The Robinsons’ also argued the rezoning was inconsistent with Linn County’s Comprehensive Plan (plan) since one of the plan’s goals is to preserve farmland. The Iowa Supreme Court has previously ruled in Residential & Agric. Advisory Comm., LLC v. Dyersville City Council, 888 N.W.2d 24, 45 (Iowa 2016) that zoning authorities comply with a comprehensive plan when they give “full consideration to the problem presented.” The court found the decision to rezone to be consistent with the plan since there was ample evidence that the Board spent “considerable time balancing the options and considering data from many sources.” Additionally, the plan also had a goal of increasing the use of alternative and renewable energy resources. There is nothing within the plan that requires farmland preservation to trump increasing renewable energy resources.

The Robinsons also argued that the comprehensive plan requires a Land Value Evaluation Site Assessment (LESA) to be conducted prior to the rezoning since the plan discussed using LESA when evaluating property development. Linn County Ordinance 107-70 requires a LESA to be performed before a rezoning occurs. However, the ordinance also exempts a “[r]ezoning to the renewable energy overlay districts.”  The Robinsons argued Ordinance 107-70 impermissibly alters the comprehensive plan’s requirement for a LESA. The court found that the comprehensive plan does not require a LESA to be conducted. The resolution adopting the plan states the Board “shall consider and may apply the goals, objectives, and strategies of the plan[.]” The term “may” means the Board can choose not to employ the LESA strategy. Therefore, Ordinance 107-70’s exemption of renewable energy overall districts from a LESA assessment is valid.

Statutory Violations

The Robinsons argued the rezoning decision violated Iowa Code § 335.2, which exempts land used “for agricultural purposes” from county zoning. The Robinsons believe the 750 acres falls under the § 335.2 exemption “because their farmland drains through the tile on the 750 acres.” The court rejected this argument because the § 335.2 exemption only applies when the land is “primarily adapted” for agriculture. Since the primary purpose of the land will be solar generation, which is not agriculture, the land is not primarily adapted for agriculture “even if it also happens to house drainage tile.”

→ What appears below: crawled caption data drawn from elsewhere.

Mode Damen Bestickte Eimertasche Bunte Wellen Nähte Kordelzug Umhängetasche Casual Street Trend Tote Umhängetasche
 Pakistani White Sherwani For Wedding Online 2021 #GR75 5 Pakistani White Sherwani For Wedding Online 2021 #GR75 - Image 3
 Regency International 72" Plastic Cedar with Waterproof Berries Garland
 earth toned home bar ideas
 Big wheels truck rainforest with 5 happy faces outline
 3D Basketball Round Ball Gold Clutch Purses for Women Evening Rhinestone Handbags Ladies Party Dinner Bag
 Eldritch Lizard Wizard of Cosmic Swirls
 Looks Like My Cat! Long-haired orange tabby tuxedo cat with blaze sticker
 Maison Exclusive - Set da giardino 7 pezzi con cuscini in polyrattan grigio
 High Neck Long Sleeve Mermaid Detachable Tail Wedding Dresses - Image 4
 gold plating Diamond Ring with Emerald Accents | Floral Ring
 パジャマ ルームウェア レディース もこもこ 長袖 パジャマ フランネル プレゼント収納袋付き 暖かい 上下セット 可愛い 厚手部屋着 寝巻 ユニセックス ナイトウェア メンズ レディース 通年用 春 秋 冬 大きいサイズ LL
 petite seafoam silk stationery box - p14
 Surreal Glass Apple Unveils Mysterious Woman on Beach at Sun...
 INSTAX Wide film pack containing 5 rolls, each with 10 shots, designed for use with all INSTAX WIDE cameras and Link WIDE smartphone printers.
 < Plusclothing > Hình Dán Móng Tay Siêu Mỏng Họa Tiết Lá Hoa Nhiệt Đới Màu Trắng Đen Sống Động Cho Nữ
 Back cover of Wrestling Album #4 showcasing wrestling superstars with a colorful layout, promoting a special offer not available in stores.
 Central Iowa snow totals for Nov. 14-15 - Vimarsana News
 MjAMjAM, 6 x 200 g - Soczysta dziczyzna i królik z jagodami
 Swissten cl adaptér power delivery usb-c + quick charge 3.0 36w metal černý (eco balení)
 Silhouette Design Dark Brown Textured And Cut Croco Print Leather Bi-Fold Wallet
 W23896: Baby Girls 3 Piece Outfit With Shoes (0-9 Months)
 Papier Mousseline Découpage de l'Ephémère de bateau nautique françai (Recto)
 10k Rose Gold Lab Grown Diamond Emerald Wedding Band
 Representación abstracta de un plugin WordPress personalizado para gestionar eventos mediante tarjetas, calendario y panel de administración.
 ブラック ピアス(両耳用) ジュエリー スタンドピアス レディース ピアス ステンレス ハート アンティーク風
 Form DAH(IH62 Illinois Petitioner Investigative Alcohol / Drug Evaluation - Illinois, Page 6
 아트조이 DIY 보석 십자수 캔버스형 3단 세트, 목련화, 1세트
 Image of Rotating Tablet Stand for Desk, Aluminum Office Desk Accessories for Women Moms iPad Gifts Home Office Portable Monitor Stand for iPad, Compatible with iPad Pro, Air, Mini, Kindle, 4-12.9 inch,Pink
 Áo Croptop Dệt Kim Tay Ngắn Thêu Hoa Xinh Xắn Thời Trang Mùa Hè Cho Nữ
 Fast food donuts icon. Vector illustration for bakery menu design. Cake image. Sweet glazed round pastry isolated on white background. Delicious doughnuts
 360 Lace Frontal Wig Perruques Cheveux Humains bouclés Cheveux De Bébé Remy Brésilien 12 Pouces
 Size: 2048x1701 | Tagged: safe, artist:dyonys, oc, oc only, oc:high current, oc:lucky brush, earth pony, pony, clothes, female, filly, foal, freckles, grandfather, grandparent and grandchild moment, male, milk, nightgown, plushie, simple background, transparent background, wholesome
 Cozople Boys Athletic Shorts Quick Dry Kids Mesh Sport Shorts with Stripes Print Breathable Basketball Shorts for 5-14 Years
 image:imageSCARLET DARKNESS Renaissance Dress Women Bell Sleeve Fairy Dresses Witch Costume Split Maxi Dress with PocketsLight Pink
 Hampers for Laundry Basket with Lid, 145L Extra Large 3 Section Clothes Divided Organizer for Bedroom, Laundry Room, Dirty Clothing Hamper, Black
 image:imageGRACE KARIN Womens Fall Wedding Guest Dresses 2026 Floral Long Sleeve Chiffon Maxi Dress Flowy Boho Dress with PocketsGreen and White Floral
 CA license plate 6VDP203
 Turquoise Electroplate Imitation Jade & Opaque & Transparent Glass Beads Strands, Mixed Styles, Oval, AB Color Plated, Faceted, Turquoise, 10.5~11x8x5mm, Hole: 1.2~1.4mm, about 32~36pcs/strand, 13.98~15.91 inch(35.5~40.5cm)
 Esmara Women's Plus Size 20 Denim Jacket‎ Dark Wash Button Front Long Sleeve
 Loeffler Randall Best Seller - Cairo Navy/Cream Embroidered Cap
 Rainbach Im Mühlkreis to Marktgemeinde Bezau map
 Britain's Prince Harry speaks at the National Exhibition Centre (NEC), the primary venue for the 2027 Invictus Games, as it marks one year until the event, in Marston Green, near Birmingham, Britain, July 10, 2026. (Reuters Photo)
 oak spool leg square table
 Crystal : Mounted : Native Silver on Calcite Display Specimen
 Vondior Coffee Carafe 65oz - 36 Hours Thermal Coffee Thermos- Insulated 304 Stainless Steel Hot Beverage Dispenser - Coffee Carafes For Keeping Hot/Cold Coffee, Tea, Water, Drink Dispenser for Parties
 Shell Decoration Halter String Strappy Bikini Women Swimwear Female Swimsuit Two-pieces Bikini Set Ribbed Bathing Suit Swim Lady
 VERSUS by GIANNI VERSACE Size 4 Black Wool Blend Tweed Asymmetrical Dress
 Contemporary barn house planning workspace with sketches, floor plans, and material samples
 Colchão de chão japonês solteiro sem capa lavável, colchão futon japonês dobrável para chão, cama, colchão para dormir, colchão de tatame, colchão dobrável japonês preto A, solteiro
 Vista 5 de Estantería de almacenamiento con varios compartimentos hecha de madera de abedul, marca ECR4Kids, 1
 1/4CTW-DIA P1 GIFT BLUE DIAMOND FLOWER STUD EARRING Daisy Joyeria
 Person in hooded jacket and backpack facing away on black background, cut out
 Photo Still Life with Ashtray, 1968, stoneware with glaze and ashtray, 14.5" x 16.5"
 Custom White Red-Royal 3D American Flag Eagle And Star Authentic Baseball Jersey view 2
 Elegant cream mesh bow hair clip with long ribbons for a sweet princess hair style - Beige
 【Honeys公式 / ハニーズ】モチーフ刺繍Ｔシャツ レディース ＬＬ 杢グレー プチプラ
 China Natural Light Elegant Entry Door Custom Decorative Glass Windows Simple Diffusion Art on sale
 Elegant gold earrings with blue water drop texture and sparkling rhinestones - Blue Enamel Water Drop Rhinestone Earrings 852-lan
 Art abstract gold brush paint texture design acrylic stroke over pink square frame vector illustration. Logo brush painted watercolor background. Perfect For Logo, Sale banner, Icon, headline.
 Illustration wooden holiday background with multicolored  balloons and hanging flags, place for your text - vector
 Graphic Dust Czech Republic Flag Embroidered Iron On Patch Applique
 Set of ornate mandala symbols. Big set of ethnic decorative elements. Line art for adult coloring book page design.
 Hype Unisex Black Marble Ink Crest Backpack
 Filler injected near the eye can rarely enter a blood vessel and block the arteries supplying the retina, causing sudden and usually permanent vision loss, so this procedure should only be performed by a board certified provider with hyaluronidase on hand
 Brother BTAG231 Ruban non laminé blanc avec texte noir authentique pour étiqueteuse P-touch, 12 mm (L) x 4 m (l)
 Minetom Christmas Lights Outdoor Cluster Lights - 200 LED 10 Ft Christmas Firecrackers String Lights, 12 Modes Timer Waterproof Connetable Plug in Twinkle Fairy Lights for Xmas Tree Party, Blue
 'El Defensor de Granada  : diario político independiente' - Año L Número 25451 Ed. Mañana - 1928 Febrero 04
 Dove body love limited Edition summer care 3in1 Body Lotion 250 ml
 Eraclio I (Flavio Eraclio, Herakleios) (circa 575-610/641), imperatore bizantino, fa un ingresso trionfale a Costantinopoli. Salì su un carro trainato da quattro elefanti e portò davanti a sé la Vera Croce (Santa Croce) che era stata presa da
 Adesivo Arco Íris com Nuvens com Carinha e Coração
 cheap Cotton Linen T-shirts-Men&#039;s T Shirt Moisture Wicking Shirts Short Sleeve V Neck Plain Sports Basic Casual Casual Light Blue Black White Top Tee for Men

The other statutory argument the Robinsons made centered on the “uniformity requirement” found in Iowa Code § 335.4. This code section authorizes counties to divide the county into zoning districts, while also requiring the rules within each district will be “uniform for each class or kind of buildings[.]” Although not examined in prior cases, the court assumed that there was a uniformity requirement in § 335.4. However, it found the rezoning did not violate that statute since the rezoning changed the district classification (from Agricultural District to RE-AG). There was no requirement in § 335.4 that RE-AG zoning rules need to be uniform with Agricultural District zoning rules.


The Robinsons also argued that the rezoning was an illegal taking because “installation of solar panels will require supporting pilings to be driven into the ground to support the solar panels. [… T]his installation may damage their tile line.” The court reviewed a three-prong test to determine if there would be an illegal taking; (1) is there a private property interest, (2) has the government taken the interest, and (3) if taken, has just compensation been paid?

The court agreed that the Robinsons have a property interest called a “natural drainage easement” and have not received compensation. However, the court found that no taking has occurred because it is unclear whether the tile line will be impacted or relocated. Even if the tile line is relocated, a natural drainage easement only requires the downhill property owner to allow the flow of the water to continue through their land.  The Robinsons did not provide any evidence that the water flowing from their land would be impacted by the solar farm.